Now, before you feel sorry for Ian, DON’T! The Mama Bear in me will come out!!! I assure you that he can still type faster than most people. He can drive and has figured out how to do most things in life. His right hand is pretty good… Too bad he is left handed. 🙂 However, we admit that his left hand can use some improvement. So, we have decided to move forward with reconstructing it. The surgery will open up the space between Ian’s thumb and index finger bone. Dr Pederson will use a skin graft from Ian’s hip to cover it. In addition, he is going to take out the index finger bone completely to give him even more of a web space to hold things. **keep in mind that Ian does NOT have an index finger… This is the bone in the palm of his hand that we are talking about.
I wanted to share something else with you. Something a little more personal. Last week, while I was at Bible study with some of the sweetest ladies I’ve ever met, I shared a little piece of my heart. I don’t do that often, but one of them told me that my words encouraged her so I will share my thoughts with you, too. Here goes…
I miss Ian’s fingers. I really do. It makes me cry when I think about the fact that I will never again feel his fingers intertwined with mine. I try not to think about it. Because it makes me sad. And I don’t want to seem ungrateful that he is here with me by focusing on that.
I also miss his feet. We’ve always had a king size bed, and we both like our own space to sleep, but every once in a while, we would fall asleep with our feet overlapping one other. I miss that. We won’t ever be able to do that again.

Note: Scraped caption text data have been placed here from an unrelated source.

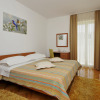 Отель Apartmani Trogir, фото 7
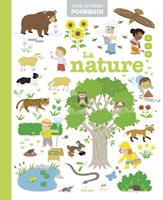   La nature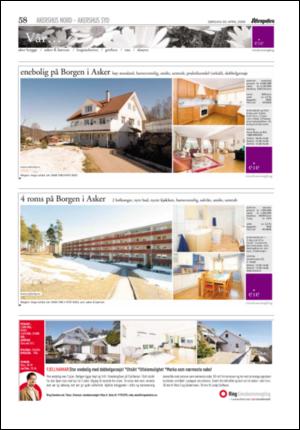 aftenposten_jobb-20060430_000_00_00_056.pdf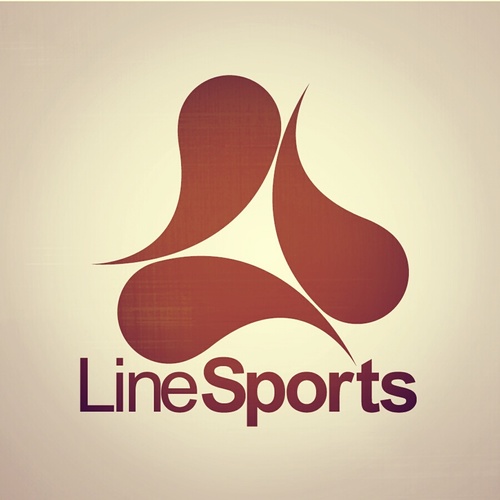Twitter oficial de Line e-Sports Club dedicado a la competición en videojuegos desde 2012. http://t.co/aGRnC9vR . Contacto: info@lineclub.es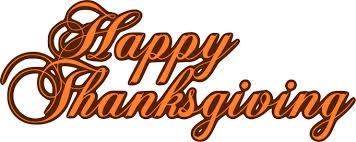 Thanksgiving cornucopia clipart png, transparent png. Happy Thanksgiving Turkey Clipart Black And White Clipart Panda Thanksgiving Words Happy Thanksgiving Thanksgiving Clip Art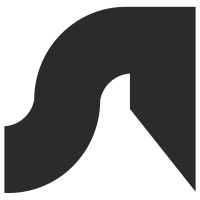 StaticJoe Studio logo - Similar company to Sciony Ltd.
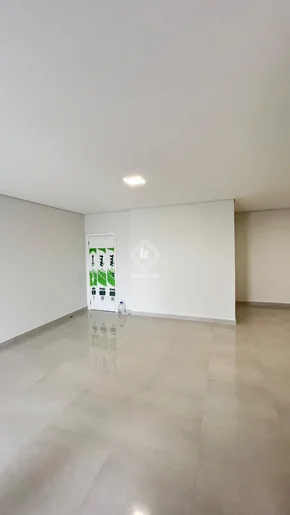 Apartamento Com 3 Suítes - Centro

I don’t share these things to make you feel sorry for me and Ian. I say it because I hope that you don’t take it for granted in your life if you have it. Protect your marriage. Love your spouse. Appreciate every single moment. Marriage can be tough.. but definitely worth it.
- ian & denisse palms.
And there you have it. I’m finished with a post I’ve been dreading for months. Thank you LORD for helping me through it! Please please pray for Ian and our family Wednesday and any other time you think about us. We pray for a smooth surgery with quick healing and no infection. We pray for no pain for Ian…. God knows he’s already been through so much! Pray for Dr Pederson. Even wise, experienced doctors need God’s help. Pray for our sweet babies. Pray for my best friend Christy who is always brave enough to take care of my babies.